MATERIAL FOR THIS EXERCISE Block Start

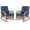 2PCS Navy Blue, variant on MEETWARM Outdoor Wicker Rocking Chair, Rattan Patio Rocker Chairs with Cushions and Steel Frame - Orange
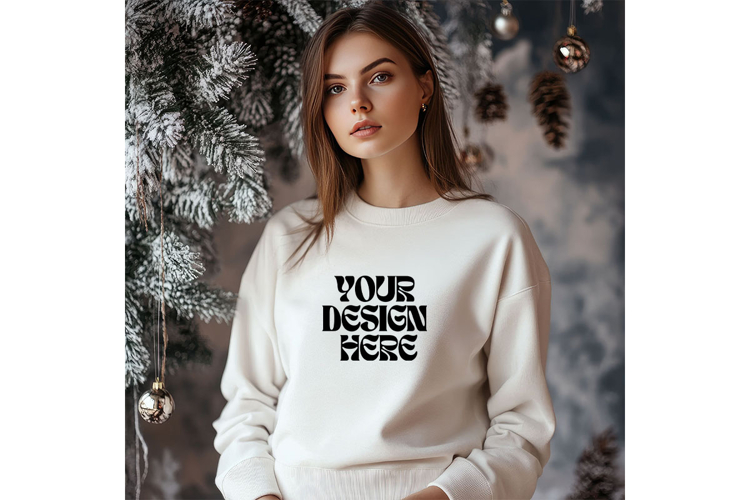 Christmas White Sweatshirt Model Mockup Gildan18000 Oversize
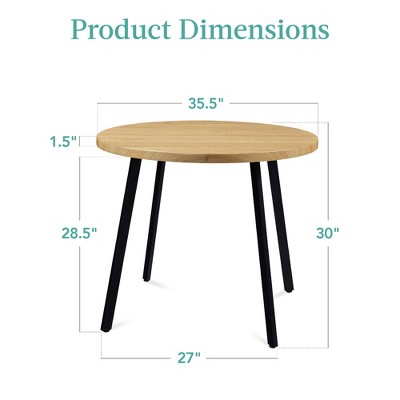 35.5'' Natural Wood Round Dining Table with Black Steel Legs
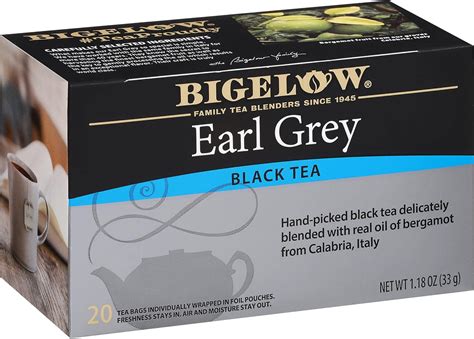 Bigelow - Té Negro Earl Grey con Cafeína, 20 Bolsitas (Paquete de 6 ...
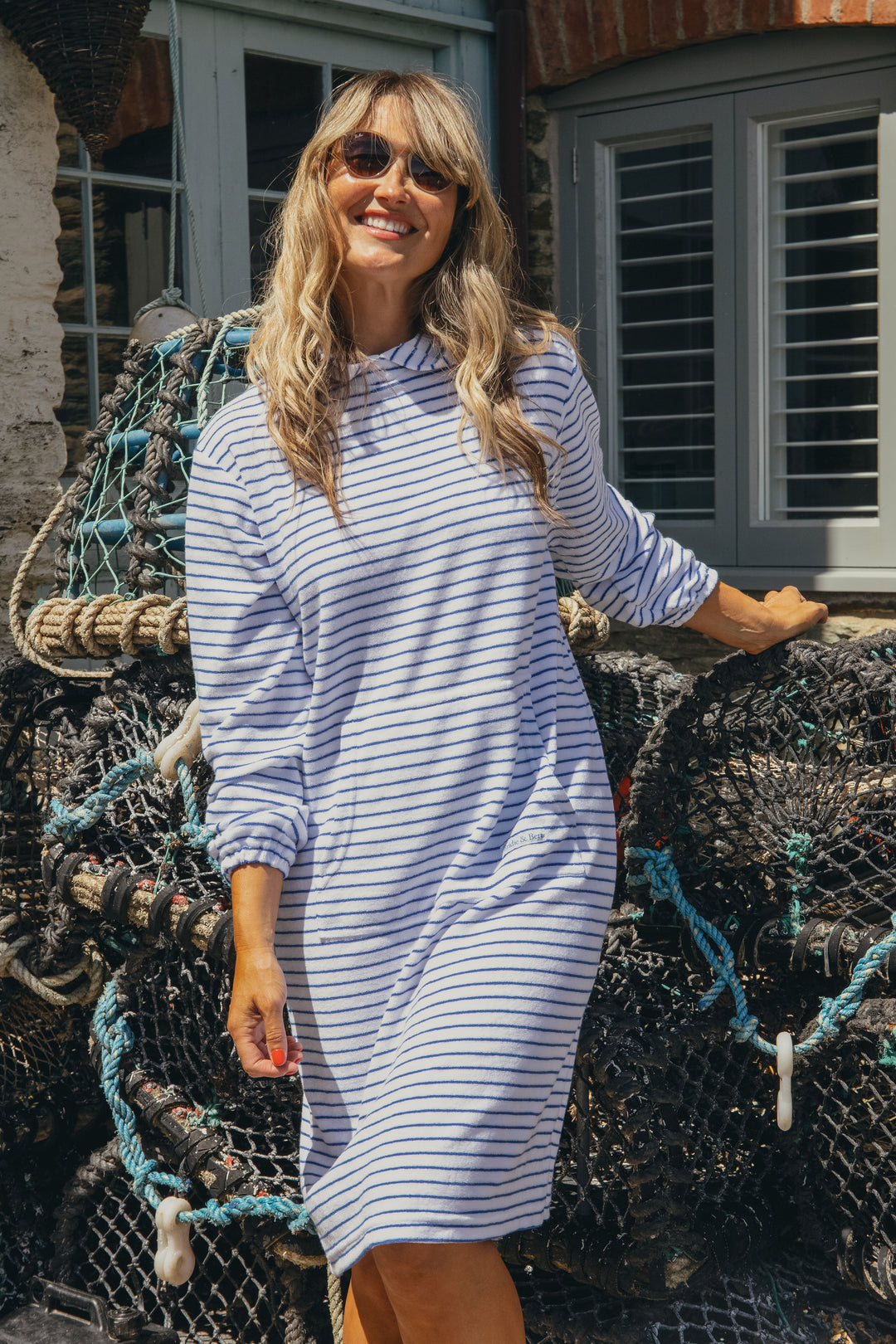 Jamie Striped Towelling Hooded Robe | White & Marine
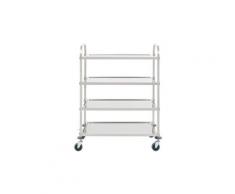 Icaverne - dessertes esthetique chariot de cuisine à 4 niveaux 107x55x125 cm acier inoxydable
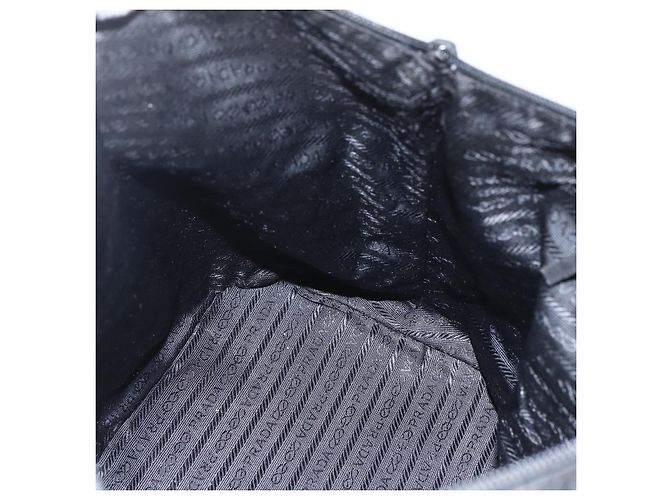 Prada Tote Bag aus schwarzem Nylon mit Silber authentisch 156932 - Ansicht 19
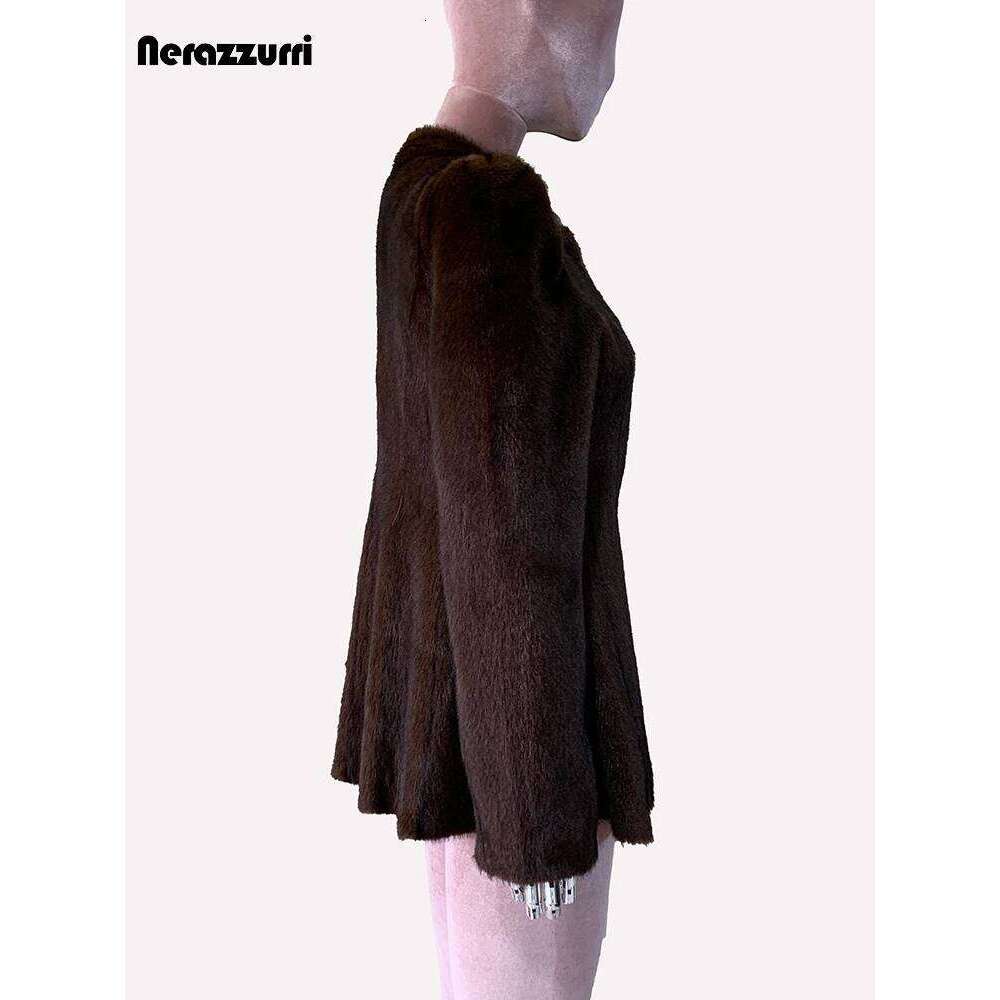Nerazzurri Winter Short Brown Thick Warm Soft Fitted Faux Mink Fur Coat Women Single Button Elegant Chic Fluffy Jacket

MATERIAL FOR THIS EXERCISE Block End

Return every record exactly, without the pictures.

 2PCS Navy Blue, variant on MEETWARM Outdoor Wicker Rocking Chair, Rattan Patio Rocker Chairs with Cushions and Steel Frame - Orange
 Christmas White Sweatshirt Model Mockup Gildan18000 Oversize
 35.5'' Natural Wood Round Dining Table with Black Steel Legs
 Bigelow - Té Negro Earl Grey con Cafeína, 20 Bolsitas (Paquete de 6 ...
 Jamie Striped Towelling Hooded Robe | White & Marine
 Icaverne - dessertes esthetique chariot de cuisine à 4 niveaux 107x55x125 cm acier inoxydable
 Prada Tote Bag aus schwarzem Nylon mit Silber authentisch 156932 - Ansicht 19
Nerazzurri Winter Short Brown Thick Warm Soft Fitted Faux Mink Fur Coat Women Single Button Elegant Chic Fluffy Jacket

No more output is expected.